America has often been called “the land of opportunity”—a place where hard work and perseverance yield great results. Yet sometimes, certain members of society, including youth, have a hard time accessing opportunity. President Obama wants to change that.
Last year, he launched an initiative to ensure that all youth—especially boys and young men of color—reach their full potential. This initiative, named My Brother’s Keeper Community Challenge, is an opportunity for all of us to work together, ensuring that every child has opportunities to improve his or her life. I’ve accepted this challenge on behalf of the City of Tucson.

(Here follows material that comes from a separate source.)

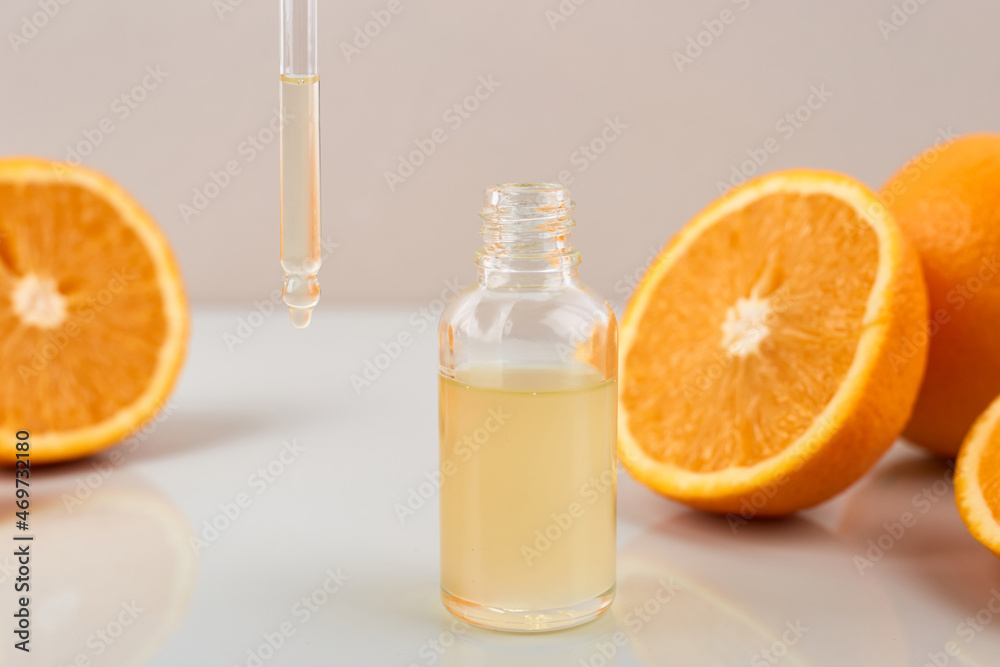 Pipette with orange essential oil over bottle and oranges. Natural medicine concept. Aromatherapy Pipette with orange essential oil over bottle and oranges. Natural medicine concept. Aromatherapy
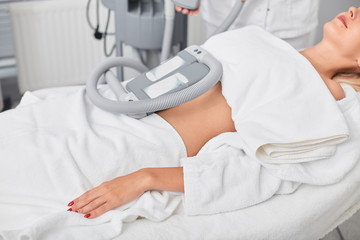 relaxed calm woman taking treatment in the clinic. close up cropped side view photo. machine for...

My office has partnered with the United Way of Tucson and Southern Arizona, the Tucson Chapter of the League of United Latin American Citizens, and the Tucson Urban League on this initiative. The Pima Cradle to Career Partnership, of which I am a member, has implemented a strategy to reach the initiative’s goals.
Some of those goals are: all children enter school cognitively, physically, socially, and emotionally prepared; all children read at grade level by third grade; and all young people graduate from high school. Successfully achieving these goals is a community effort, and I am happy to report that progress is being made locally.

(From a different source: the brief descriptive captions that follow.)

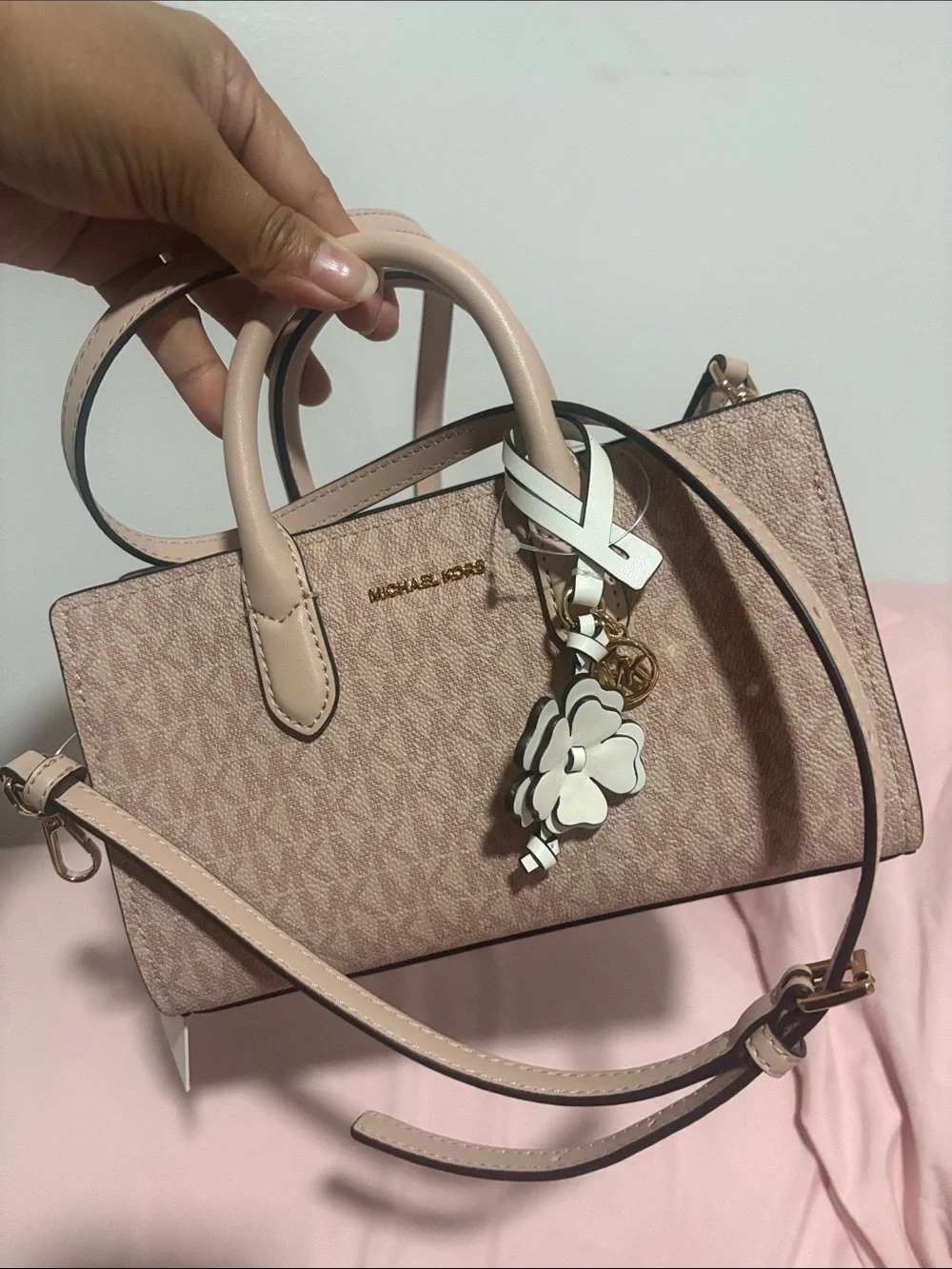A cute MICHAEL KORS Blush Pink Logo Satchel with Floral Charm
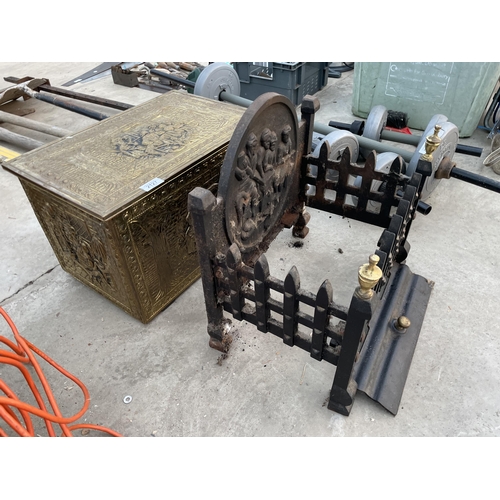 2127 - A DECORATIVE CAST FIRE GRATE AND A BRASS COAL BOX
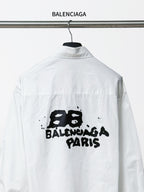 Balenciaga white button-up long-sleeve shirt with centered black 'BALENCIAGA PARIS' print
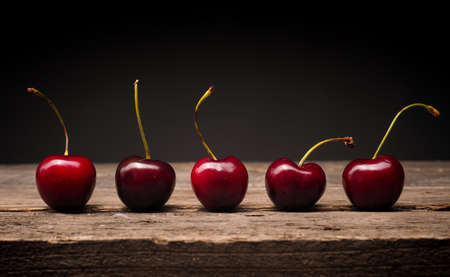 Five delicious big cherries on a rustic wooden table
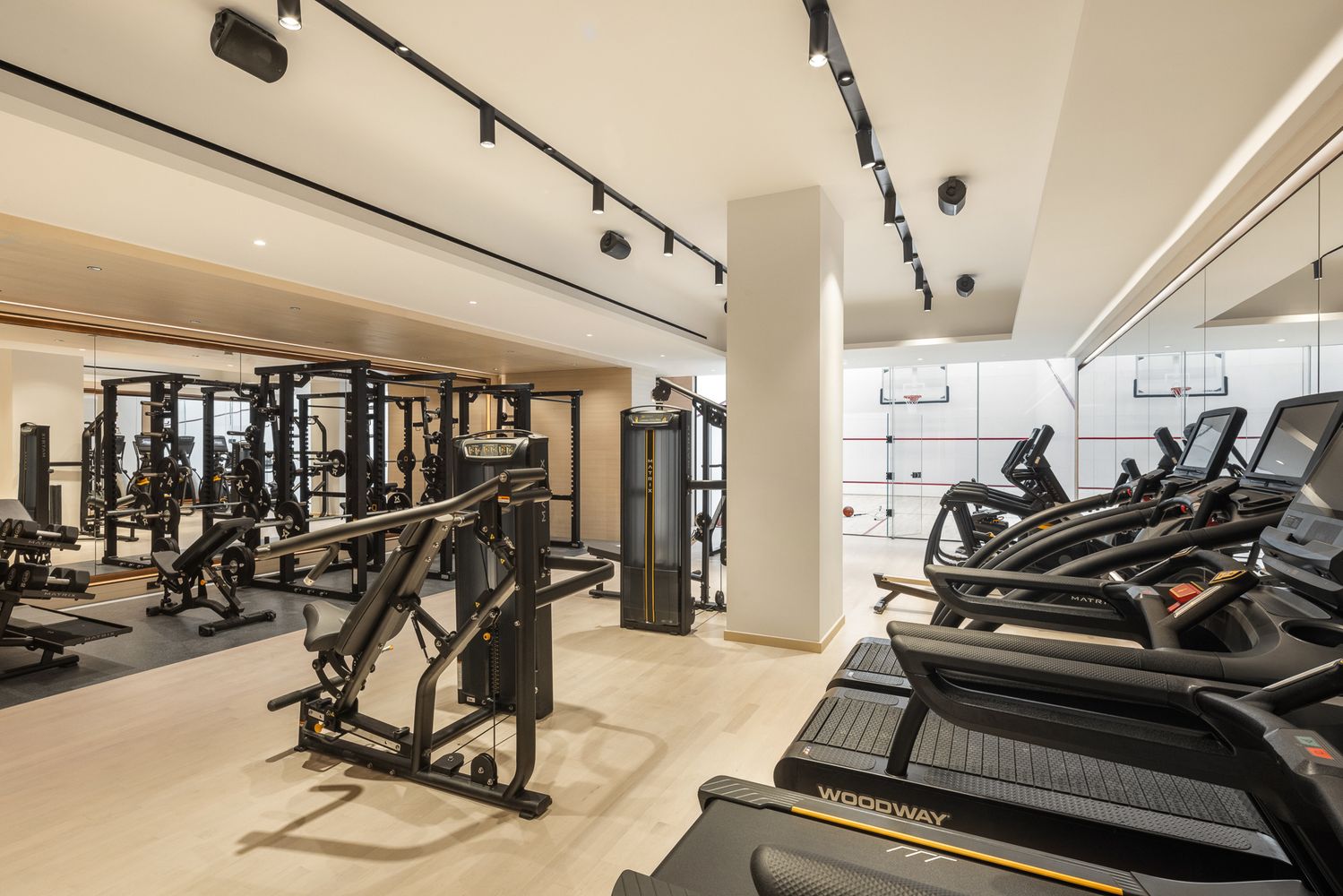 Fitness center with treadmills and weight machines beside a glass-enclosed court.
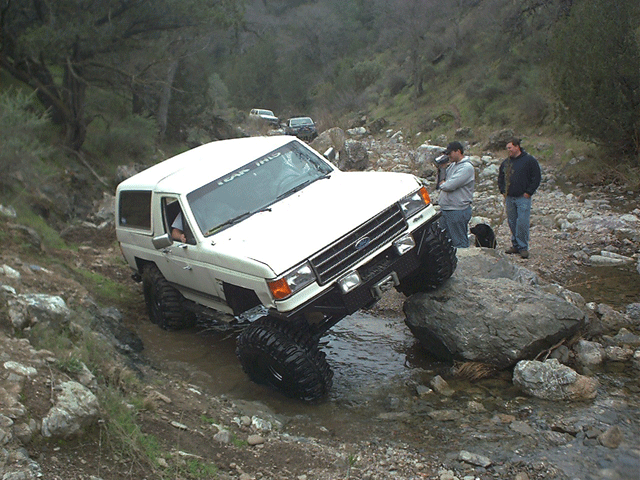 White Ford truck descending a muddy rutted trail beside a creek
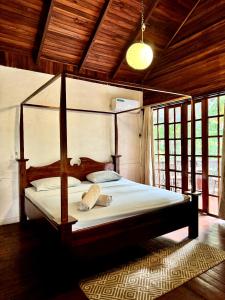 a bedroom with a canopy bed in a room with windows at Hotel Mandacarú Puerto Viejo in Puerto Viejo +39 photos
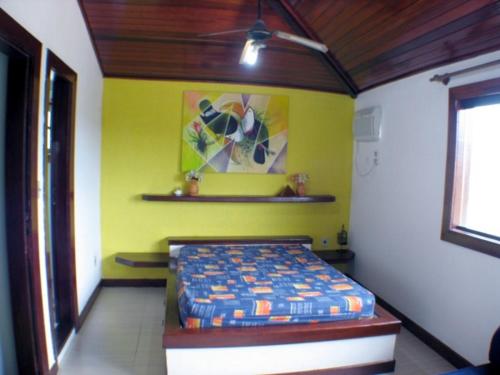 1 dormitorio con cama y pared amarilla en Geriba, casa de 4 qts charmosa com ar, DISPONIVEL CARNAVAL en Búzios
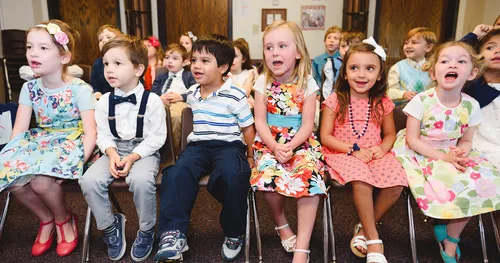 Primary-age children sing while seated on chairs.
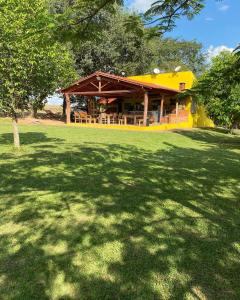 a yellow house with a large yard with a large shadow at Pousada Chalés Praia Vermelha in São João Batista do Glória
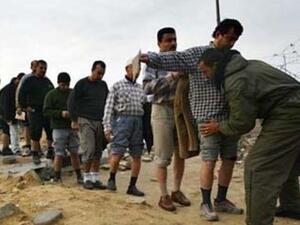 Palestinian workers wait to enter the Israeli industrial zone next to the border with Gaza (picture courtesy of B'Tselem)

“Reading Seed” and “Make Way for Books” are two programs geared toward improving reading levels and early literacy for children in Pima County. Reading Seed uses volunteer reading coaches who work with children to strengthen their reading skills. Make Way for Books provides early literacy programs that get children ready to learn to read. Both programs are extremely effective.
Attendance also helps determine future success in school. My office is working with the Tucson Unified School District on a “Count Me In!” school attendance initiative. Focusing on elementary school students, the program provides incentives for children to meet attendance goals. Students, parents, and teachers track attendance, and prizes are earned when goals are reached.
We’re also working to make sure all students graduate from high school. Last July and this January, I joined community volunteers and TUSD staff for two “Steps to Success Walks”. We visited the homes of recent high school dropouts, and encouraged those students to re-enroll. As a result, 269 students re-enrolled and 17 have already graduated! It helps when kids hear from adults in the community that we care – about them and their success.
Students who don’t finish high school have an impact on our economy. The Arizona Mayor’s Education Roundtable released a report last June that put a dollar figure to these costs. Last year’s 18,000-plus Arizona high school dropouts will produce $7.6 billion less in economic activity over their lifetimes than if they had graduated from high school.
Of course, students can more easily stay on track when parents or loved ones are involved in their lives. Mentors are also helpful, and that’s a role we can all play. Programs such as Big Brothers Big Sisters and Boys and Girls Clubs regularly seek volunteers. Social service agencies that work with youth offer more good places to volunteer.
My Brother’s Keeper is a call to action—not only to government leaders and educators, but to everyone. It’s every community’s responsibility to provide youth – all youth – with opportunity, so they can reach their full potential. Working together, we can open doors of opportunity, and help everyone walk through them.